As the District Plant Superintendent of the telephone company, my father, though self taught, had developed incredible skills in telecommunication. These included the art of laying underwater cable. I can remember trips with him on the "telephone barge" as he supervised the crew in laying cable. He was also somehow in on the early development of radar, and at times the telephone company would loan him out to the Navy for special projects. Engineers building the first floating bridge on Lake Washington borrowed him for advice in securing the cables. Sometimes the engineers at Boeings, then small, would consult with him. All of this was over my head, of course. I distinctly remember one time, however, accompanying him to a secret underground military installation where we went through tunnels, and where I was actually blindfolded. Visions of Nancy Drew whirled in my head.
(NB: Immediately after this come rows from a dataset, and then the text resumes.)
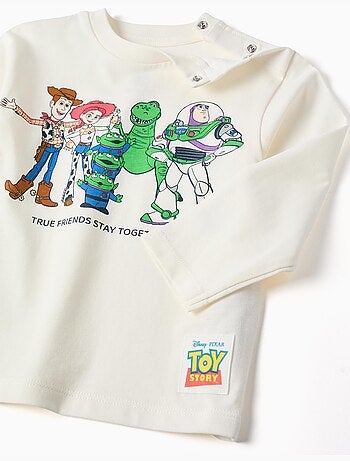 T-shirt en coton à manches longues avec imprimé toy story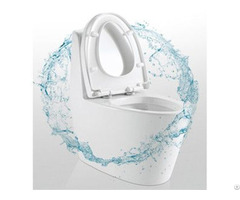 Hot Selling Water Saving One Piece Toilet Silent Flush With Glazed Trap
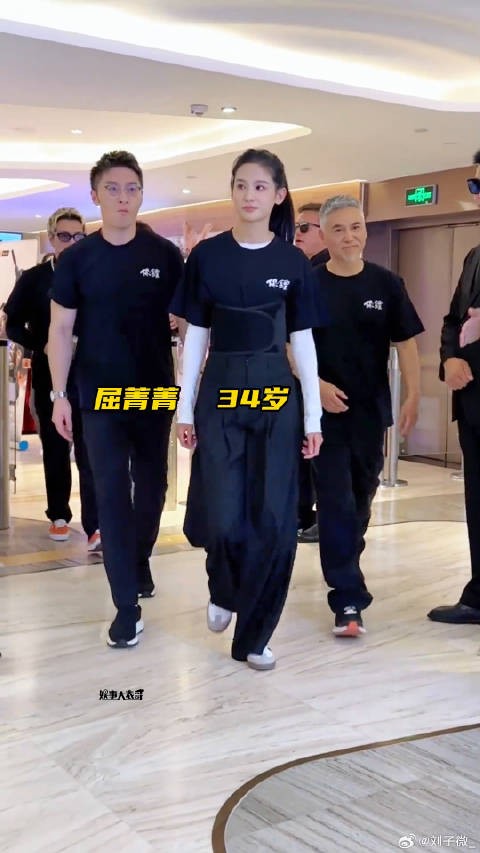 屈菁菁亮相电影保镖首映礼,新生代女打星实力演绎巾帼不让须眉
Here is the rest of the story. Approximately six months before the Pearl Harbor attack the phone rang one night at home, a call from Washington DC. My sister answered. It seemed that FDR was requesting that my father move, with his family, to Honolulu at once for a special mission. It was explained that the president was concerned about inadequate communications between Pearl Harbor and the White House, and the government wanted my father, considered such an expert, to move there and set up something better. Being a very patriotic person, he felt torn. In the end his colleagues convinced him it would be unfair to me to move me out of my school. I think I would have loved it, but no one ever asked me, of course. He declined the assignment. So on December 7, 1941, he felt that he alone was responsible for all the deaths and destruction. No wonder he cried.

Historians have revealed now, of course, that FDR knew all about the impending attack, and scripted it as a way to get us into the war. Sadly my father never knew the truth, and died, still carrying the giant guilt of turning down his country.